Он взглянул на верхнего льва, и ему вспомнился король Кнут Великий,126 который приковал к датскому трону великую Англию; взглянул на другого — вспомнился Вальдемар,127 который объединил Данию и покорил вендов;128 взглянул на третьего — вспомнилась Маргрете,129 объединившая Данию, Швецию и Норвегию. И алые сердца на гербе вдруг стали еще ярче, каждое обратилось в колышущееся пламя, и мысли старика понеслись вслед за каждым.
Первое пламя привело его в узкую, мрачную темницу, где сидела прекрасная пленница, дочь Христиана Четвертого, Элеонора Ульфельдт;130 пламя расцвело на ее груди розой и слилось с сердцем этой лучшей, благороднейшей между датскими женами.
— Да, это сердце из датского герба! — проговорил старик.
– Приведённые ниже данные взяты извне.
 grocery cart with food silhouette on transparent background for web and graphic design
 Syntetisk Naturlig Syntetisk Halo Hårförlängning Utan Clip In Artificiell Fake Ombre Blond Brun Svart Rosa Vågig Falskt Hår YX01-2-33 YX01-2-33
И его мысли понеслись за пламенем второго сердца. Оно привело его к морю. Пушки палили, корабли исчезали в облаках дыма, и пламя обвило, как орденскою лентой, грудь адмирала Витфельда,131 который, ради спасения датского флота, взорвал себя и свой корабль на воздух.
Третье пламя привело его к жалким хижинам Гренландии. Там проповедовал любовь и словом и делом миссионер Ханс Эгеде;132 пламя превратилось в звезду на его груди, в сердце на датском гербе.
И мысли старика опередили четвертое пламя, — он знал куда оно приведет. В жалкой хижине бедной крестьянки стоял Фредрик Шестой133 и чертил мелом на балке свое имя; пламя заколебалось на его груди, слилось с его сердцем. В крестьянской хижине его сердце стало одним из сердец датского герба. И старый дед отер глаза: он лично знал этого доброго короля Фредрика, с серебристыми седыми волосами и честными голубыми глазами, и служил ему. Старик скрестил руки и задумался, молча глядя перед собою. Тут подошла к нему невестка и сказала, что уже поздно, — пора ему отдохнуть, да и ужин на столе.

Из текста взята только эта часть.